From TED.com, “Body language affects how others see us, but it may also change how we see ourselves. Social psychologist Amy Cuddy shows how “power posing” — standing in a posture of confidence, even when we don’t feel confident — can affect testosterone and cortisol levels in the brain, and might even have an impact on our chances for success.
“Amy Cuddy is a professor and researcher at Harvard Business School, where she studies how nonverbal behavior and how snap judgments affect people from the classroom to the boardroom.
Her research on body language reveals that we can change other people’s perceptions — and even our own body chemistry — simply by changing body positions.”
I learned about the power of our external physiology to shift our internal experience years ago, while studying NLP with its co-founder, John Grinder. But Professor Cuddy now adds the scientific validation of identifying chemical changes in our bodies.
Although I used this knowledge in my executive coaching practice sparingly, it always worried me a bit because at some level it implied that a simple shift in our body posture and the related change in chemistry is enough to be successful. That has not been my experience in the business world.

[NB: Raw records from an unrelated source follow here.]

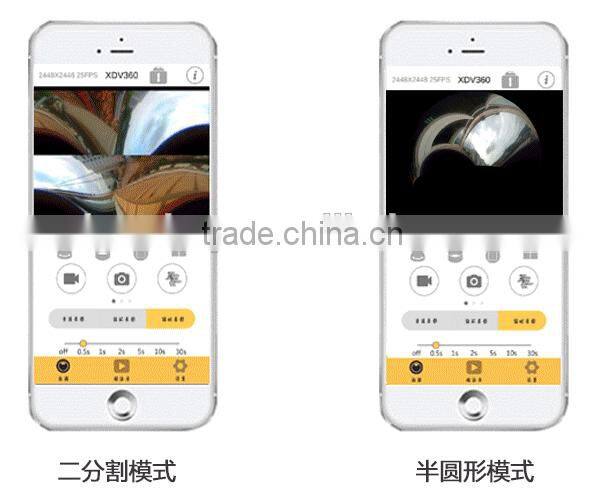 Newest Fashion 360 degree Full-Viewing sport dv camera 220 degree Fisheye Super wildangle Lens action camera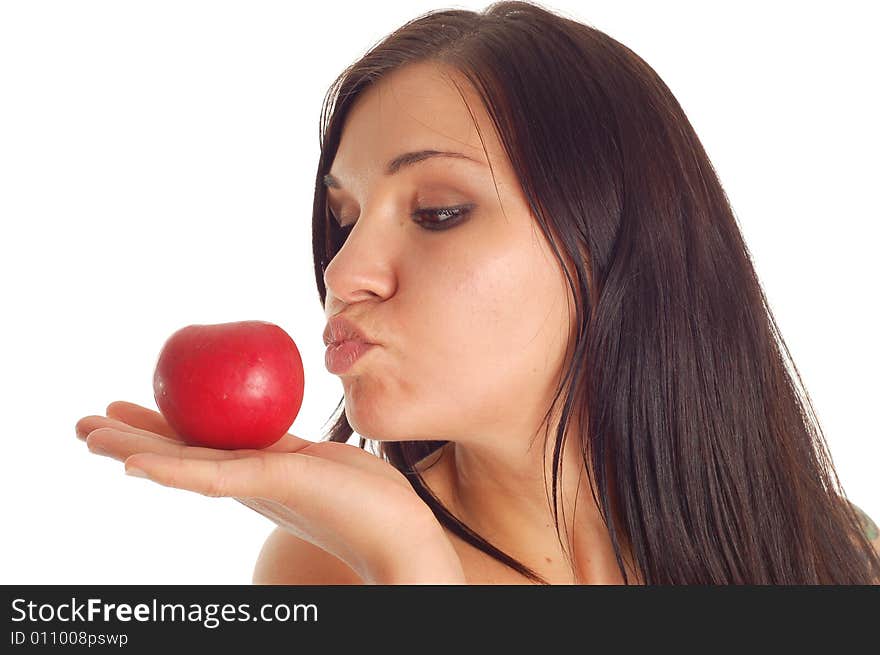 Active woman with apple on white background. Active woman with apple on white background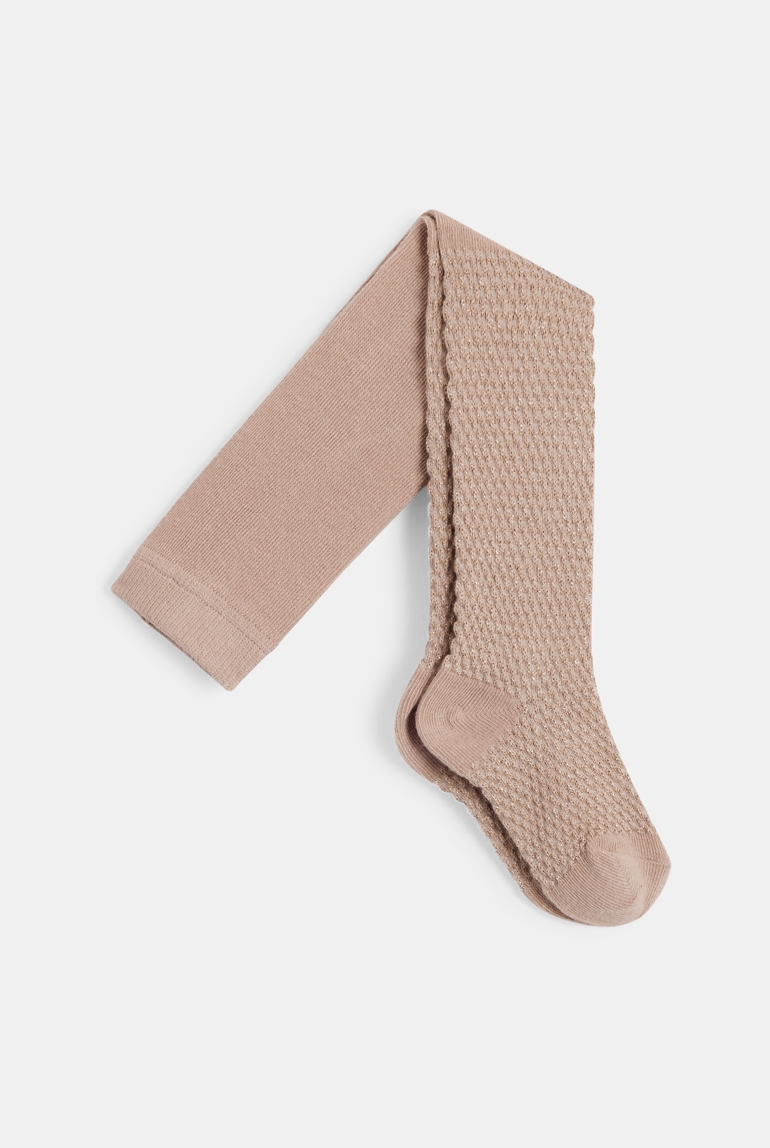 Collants chauds maille fantaisie irisée rose bébé fille 1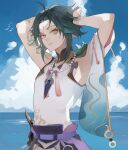  1boy absurdres ahoge arm_tattoo armpits arms_up bangs bead_necklace beads cloud cloudy_sky commentary cowboy_shot day genshin_impact green_hair hair_intakes highres jewelry kamui_(kurohshiro1) looking_at_viewer male_focus multicolored_hair necklace ocean outdoors parted_bangs parted_lips shirt short_hair_with_long_locks shoulder_spikes sidelocks sky sleeveless solo spikes tattoo two-tone_hair white_shirt xiao_(genshin_impact) yellow_eyes 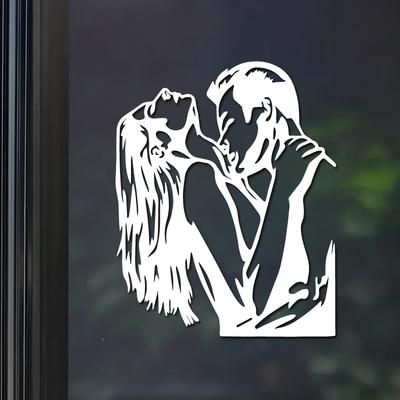 Romantic Kiss Silhouette, Kiss At Midnight, Imported PVC Work, Depicting a Couple Kissing, Suitable for Valentine's Day Decals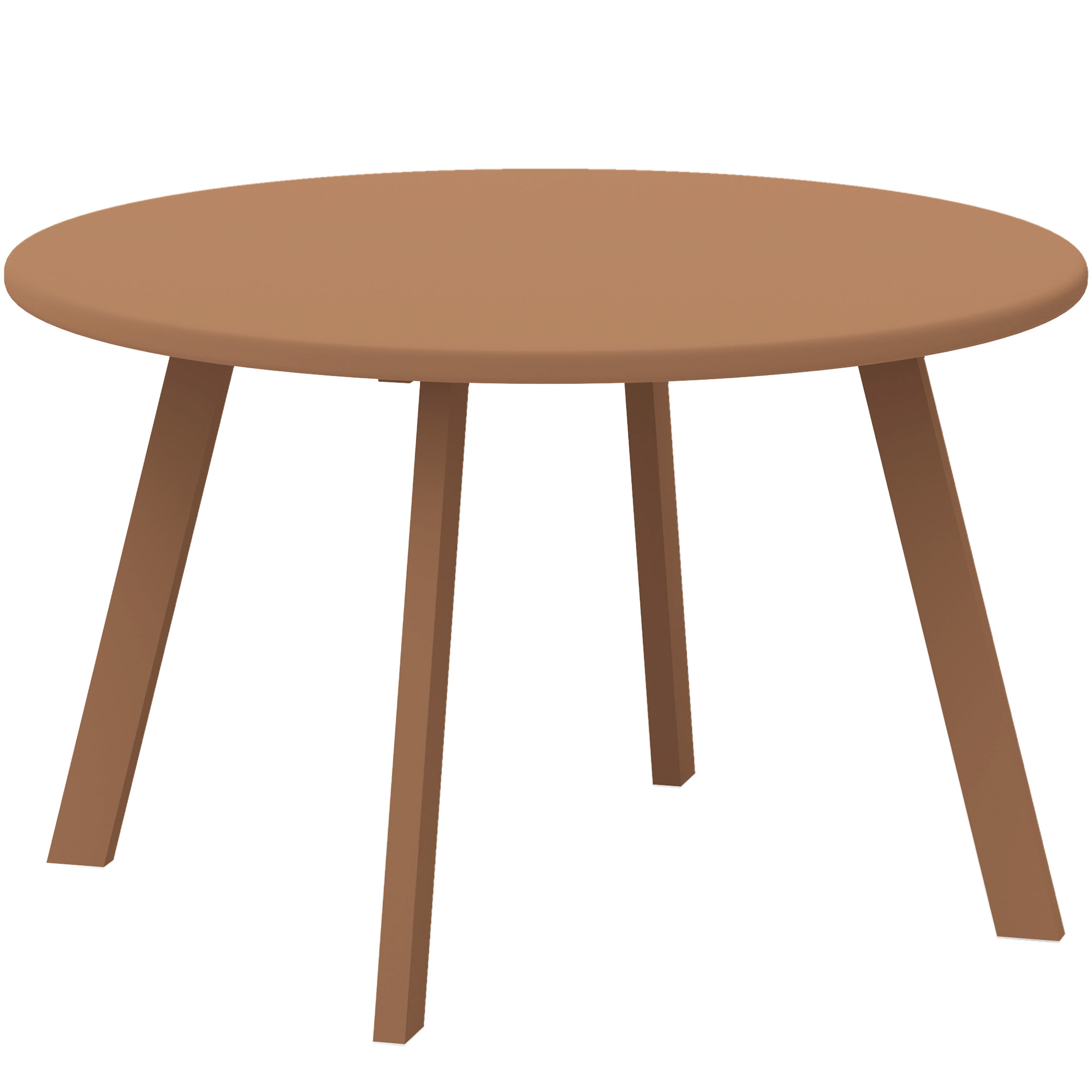 Outsunny Kleiner runder Gartencouchtisch, Beistelltisch mit rutschfesten Fußkappen, Metallrahmen, für Garten, Ø 70 x 42 cm, Orange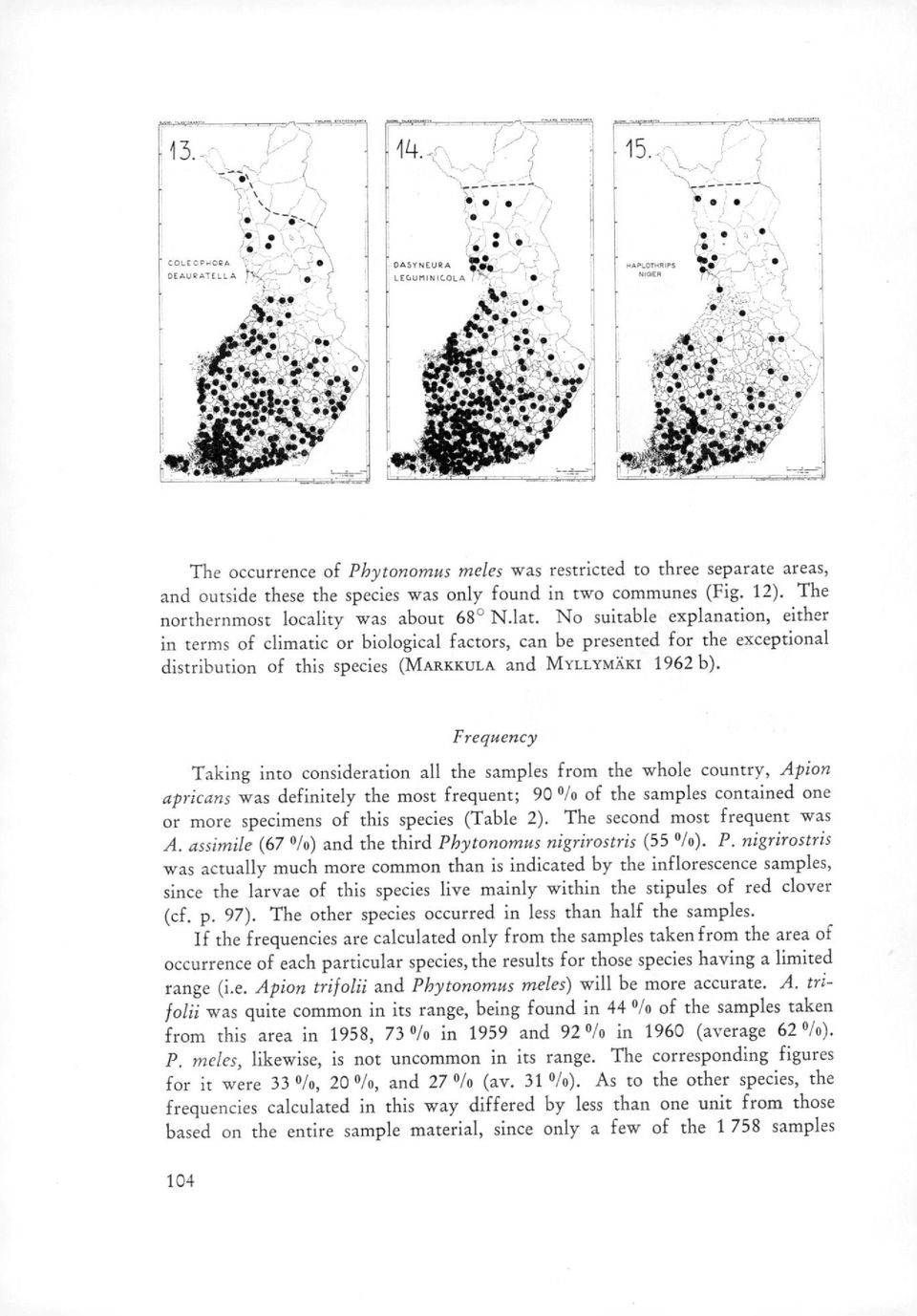 Frequency Taking into consideration ali the samples from the whole country, Apion apricans was definitely the most frequent; 9 /o of the samples contained one or more specimens of this species (Table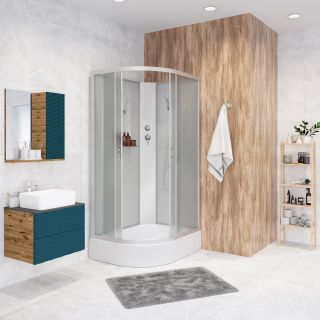 Душевая кабина Niagara NG-33394-14RBK 130x90см серебро/матовое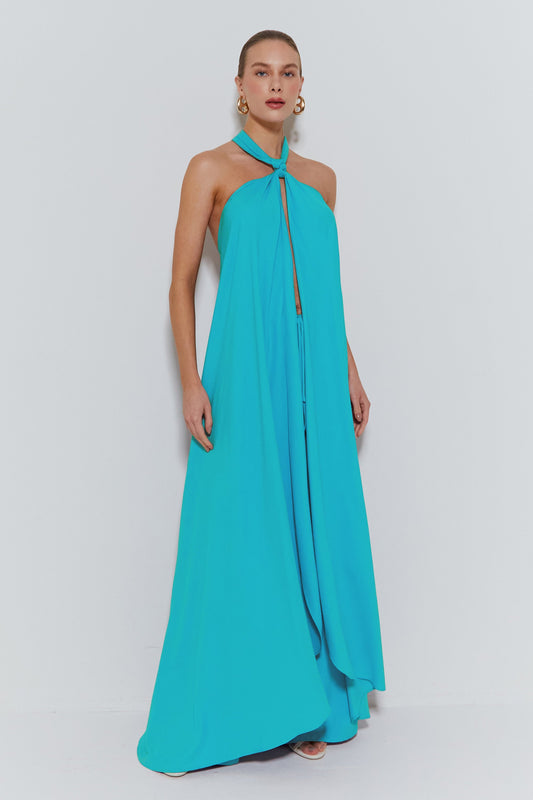 VESTIDO LONGO FRENTE UNICA COM ABERTURA FRONTAL AZUL MALDIVAS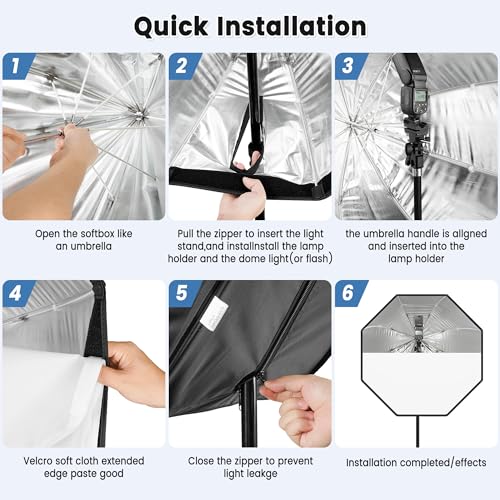 Godox Portable 95cm/37.5" Umbrella Octagon Softbox Reflector with Carrying Bag for Studio Photo Flash Speedlight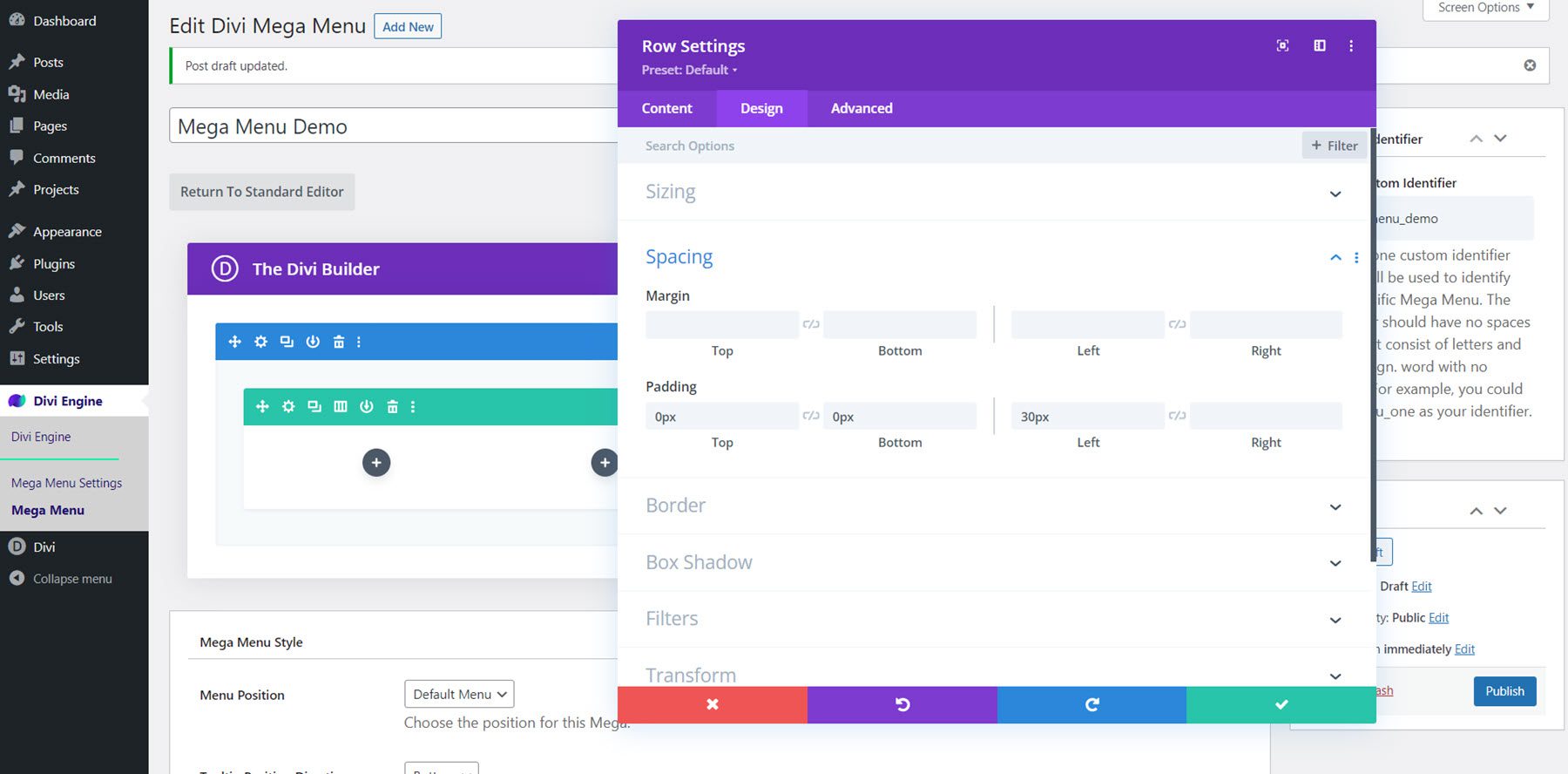 Divi Mega Menu Mega Drop-Down Modul Tata Letak Jarak Baris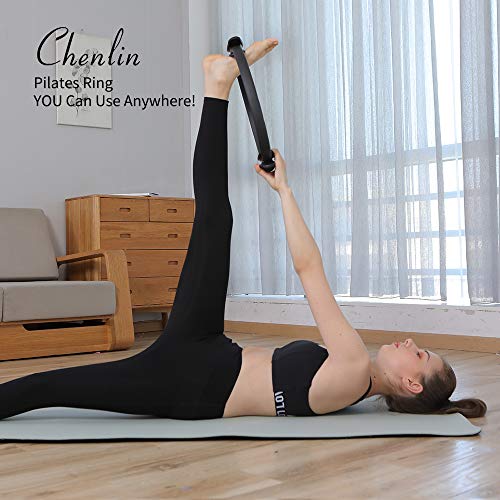 Chenlin Pilates Ring-14 inch Dual Grip Handles,Yoga Fitness Circle,Exercise Unbreakable Magic Circle,Body Ring Home Workout for Toning and Fitness Thighs, Abs and Legs Pilates Ring with Dual Grip Handles for Toning Abs and Legs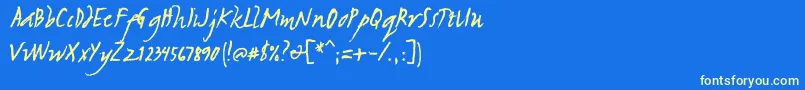 Sulatkokulang-Schriftart – Gelbe Schriften auf blauem Hintergrund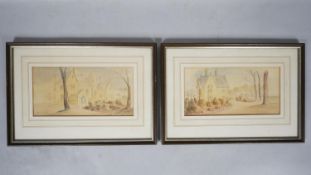 A pair of 19th century framed and glazed watercolours of The Old Manor House, Ingoldsby,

Admittedly, power posing can help a competent person to feel more confidence and confidence is a part of success. But if a person lacks the competence, power posing isn’t enough to produce success, although it can help overcome perceived obstacles to developing competence.
Success is an emergent property of a system of human factors in response to changing external variables: What we might call life’s circumstances. The system of human factors include a person’s knowledge, skills, attitude and aptitude.
In other words, the choices people make in life determine how successful they become. And those choices are influenced, not only by the circumstances, but also by how each person perceives them.
To be sure, circumstances not only vary from situation to situation but they also vary by how each person, as a party to the exact same situation, perceives it. In fact, this is probably the most important predictor of success.
So yes, different circumstances can give or take away opportunities to any of us but they are not the only determining factor.
What I’m writing is, given the exact same circumstances, some people will succeed and some will fail, based on their individual perceptions, interpretations, assessments and choices, 95 percent of which will be made subconsciously.
Those vital decision processes function subconsciously and then are sent into our conscious minds so it feels like we know exactly how we make a decision.
The conscious explanation that accompanies our decision is called “story telling.” Our minds abhor a vacuum in logic so we make up a story to explain why we did this or that.
In summary, there’s no question that confidence is a powerful success factor but it is only one and cannot replace competence. Competence, in turn, depends on using our knowledge, skill, attitude and aptitude effectively through our choices.
Knowing some of those choices will be disastrous, successful people clean up the messes they make and move on. And that does take the confidence Dr. Cuddy is speaking about.